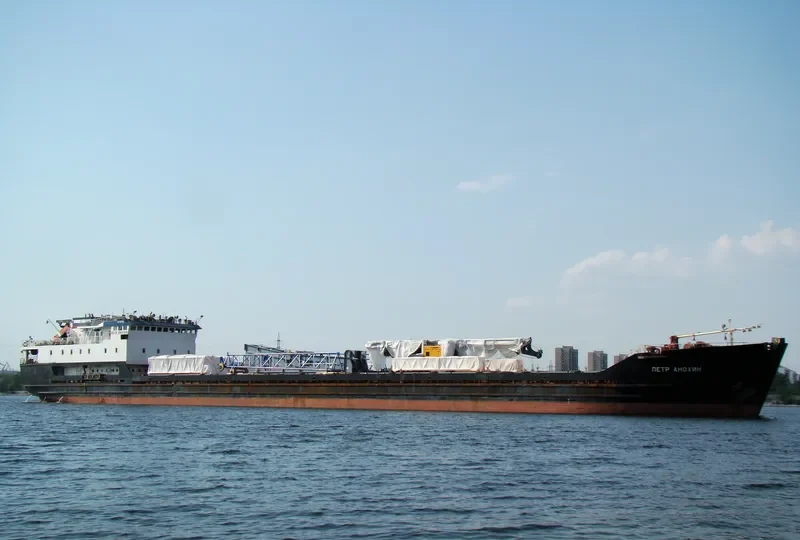 PETR ANOKHIN General Cargo IMO 8702264 photo 4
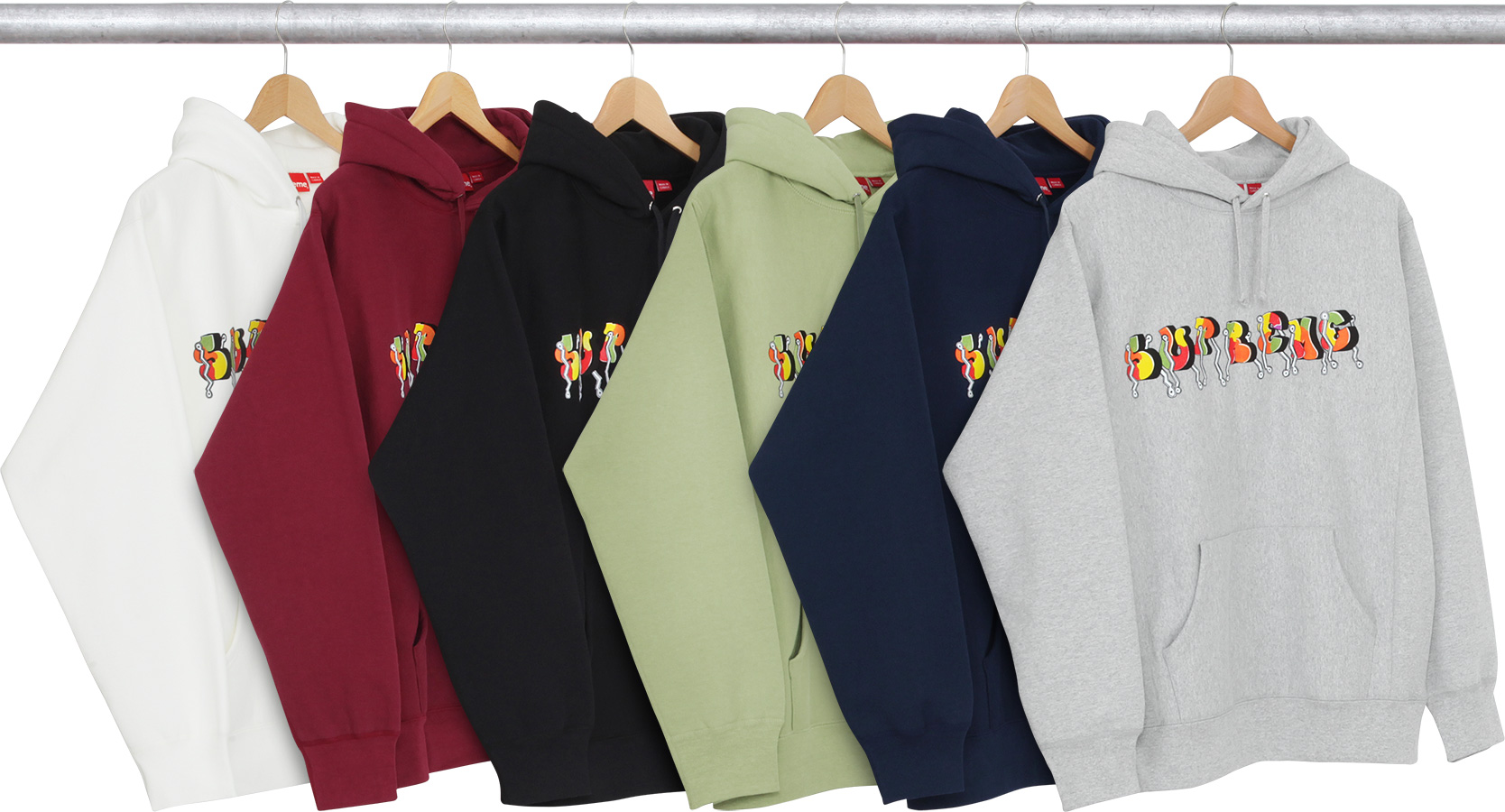 Blade Whole Car Hooded Sweatshirt - fall winter 2016 - Supreme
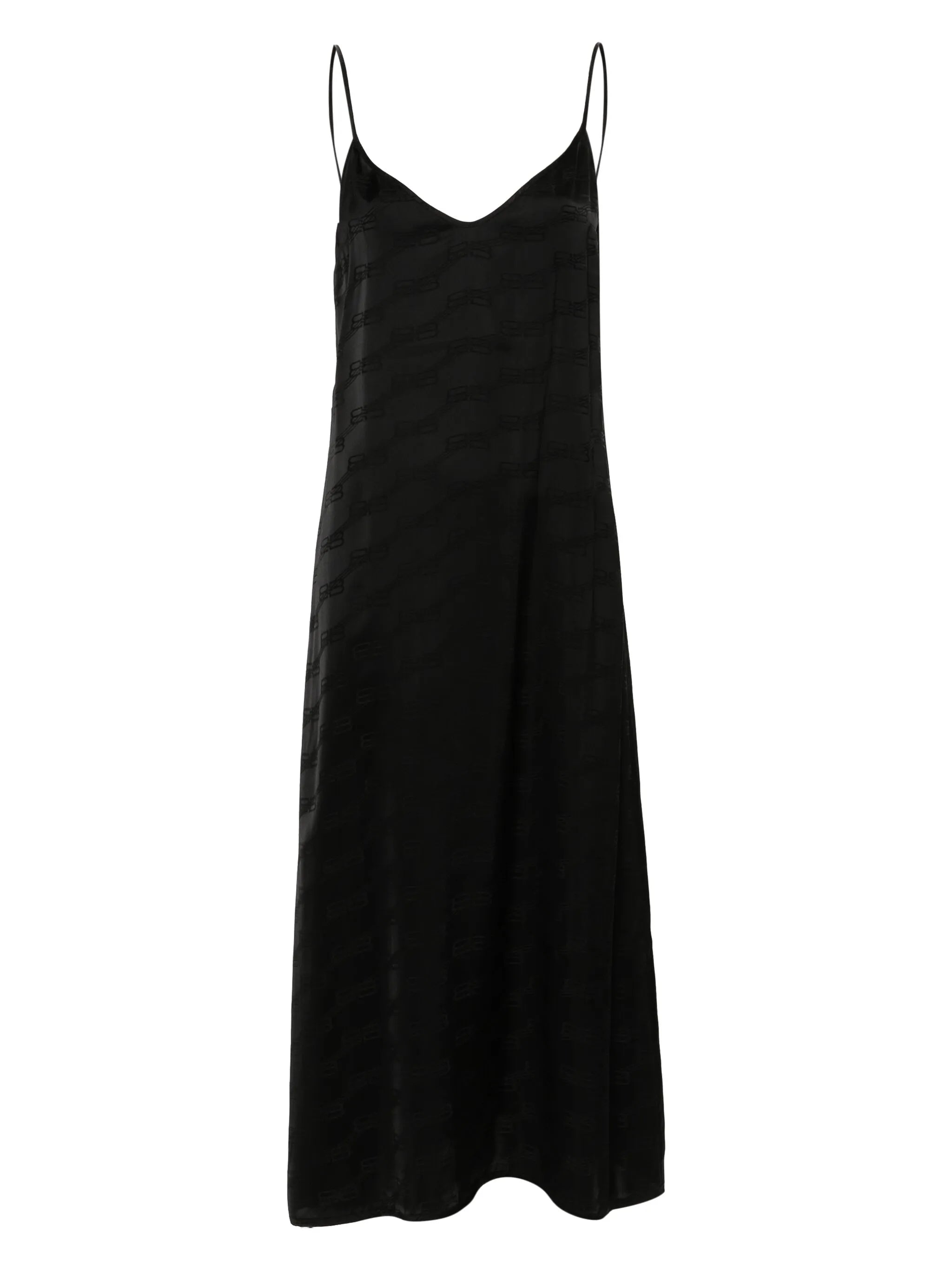 BB Monogram slip dress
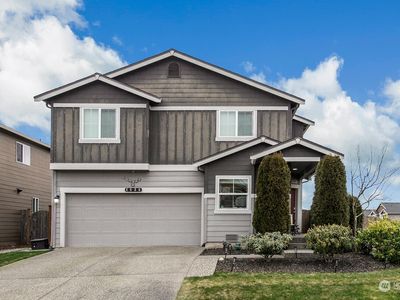 2535 167th Street Ct, Tacoma, WA, 98445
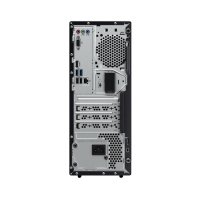 联想(Lenovo)擎天T510A-15 商务办公台式电脑 19.5英寸屏(I5-8400 4GB 1TB 2G独显 无光驱 W10H)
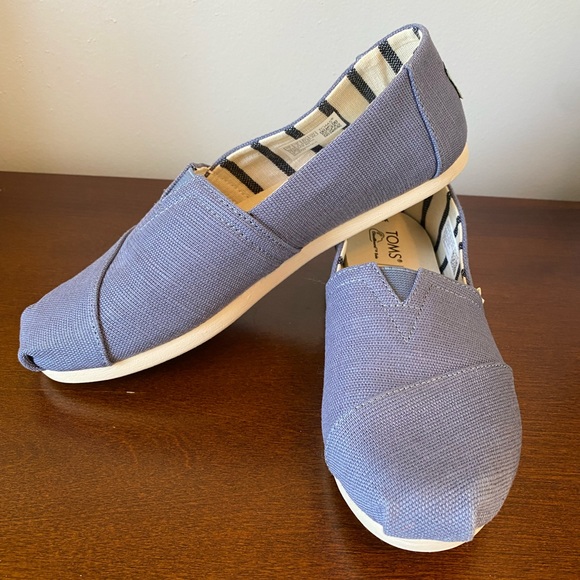 Toms Shoes - TOMS Alpargata shoes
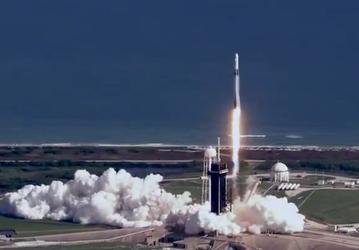Юбилей Falcon 9. За 10 лет запущено 100 ракет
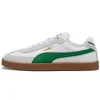 Image de Baskets Puma Puma Club II Era Blanc 41 397447-22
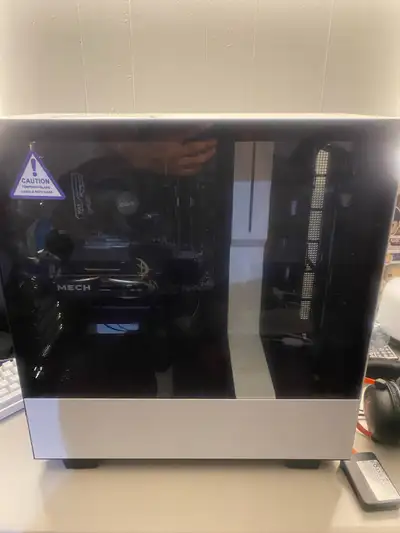 Gaming pc , Voir plus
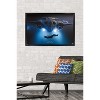 Trends International Halo Infinite - Master Chief in Space Framed Wall Poster Prints - 2 of 4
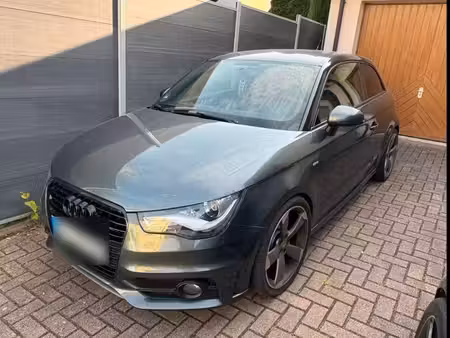 Audi A1 1.4 TFSI 185 S line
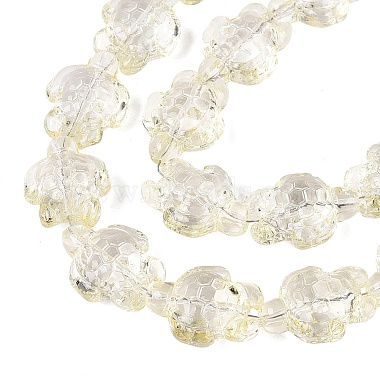 Transparent Glass Beads Strands(DGLA-N021-02A-10)-3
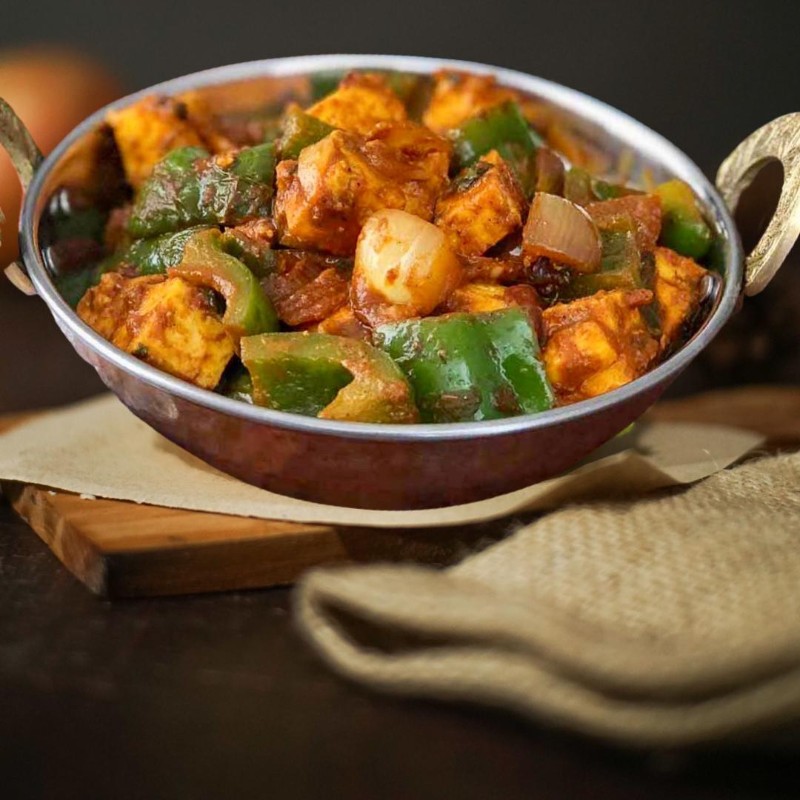 Paneer Kadai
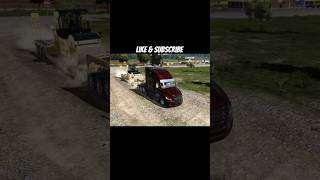 Driving in an off-road route | Truck Simulator Evo : Drive USA | v1.2.14 Gameplay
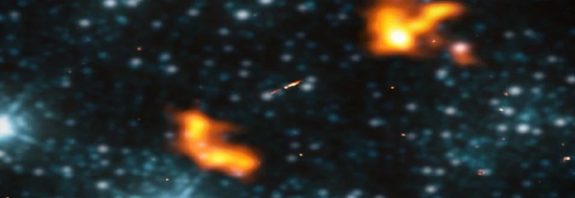 16.3 Milyon Işık Yılı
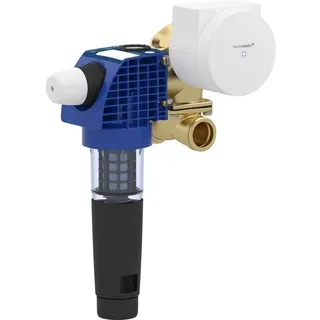 Homematic IP Funk Wassermelder, Wassersensor, Wasserventil HmIP-WSS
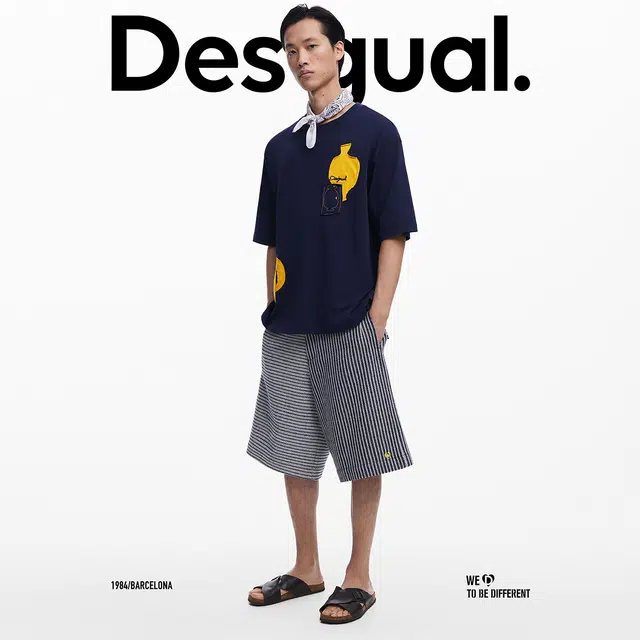 Desigual T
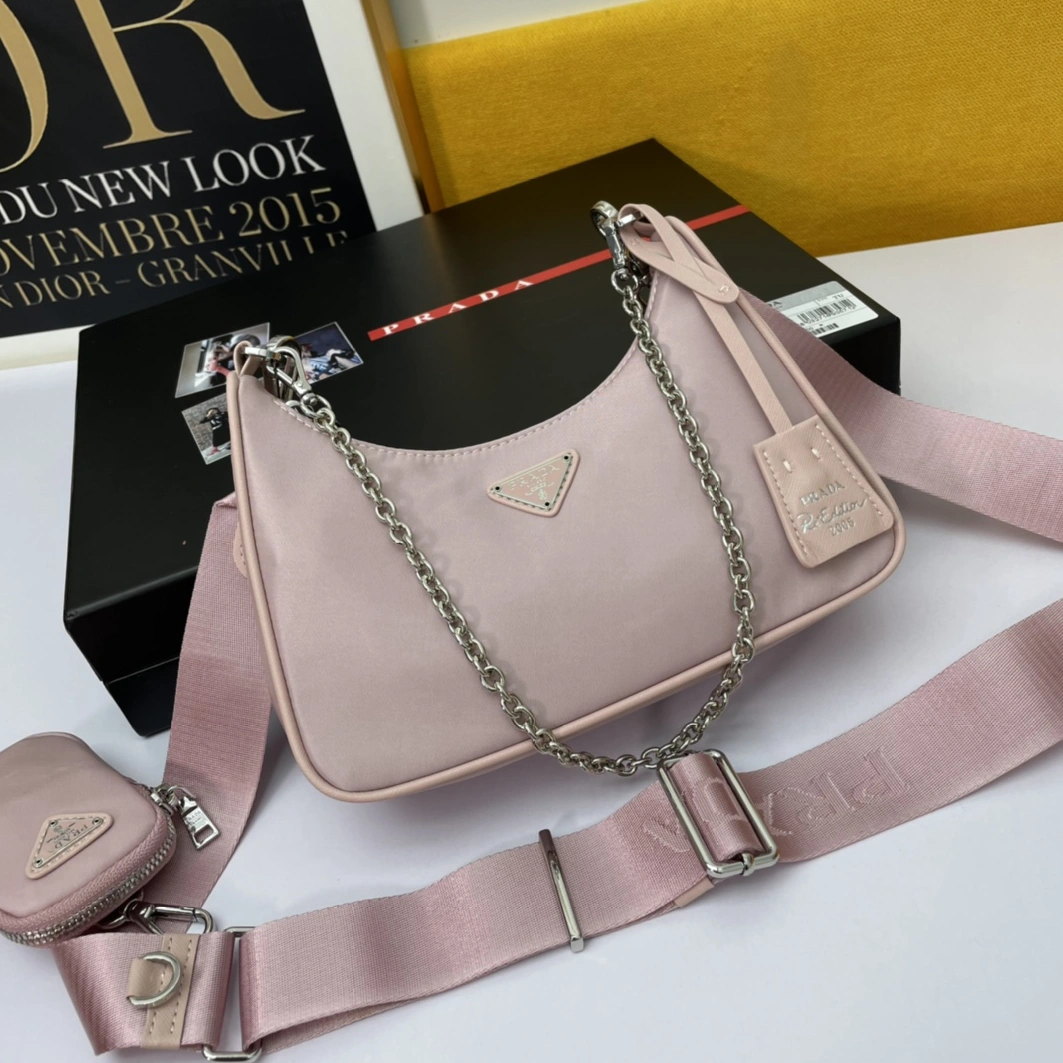 Prada AAA Quality Messenger Bags For Women BestValue 9891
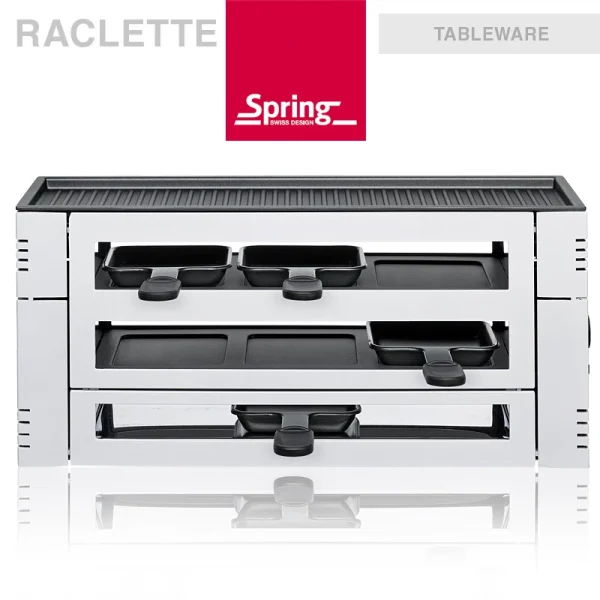 Spring – Pizza Raclette 6 – Rot 4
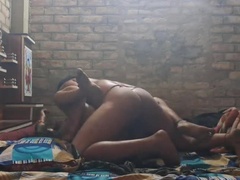 Indian Girl in HD Hindi Audio Story - House Stage Scene with 1.1M Views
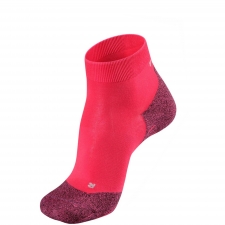 FALKE RU4 LIGHT Short Cut Socken Damen | Rose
━━━
**Problem description**. Set the pictures aside and transcribe exactly the stretch of lines above, beginning with the one holding "Юбилей Falcon 9. За 10 лет запущено 100 ракет" and ending with the one holding "Paneer Kadai".

**Your response**.
Юбилей Falcon 9. За 10 лет запущено 100 ракет
 Image de Baskets Puma Puma Club II Era Blanc 41 397447-22
 Gaming pc , Voir plus
 Trends International Halo Infinite - Master Chief in Space Framed Wall Poster Prints - 2 of 4
 Audi A1 1.4 TFSI 185 S line
 Transparent Glass Beads Strands(DGLA-N021-02A-10)-3
 Paneer Kadai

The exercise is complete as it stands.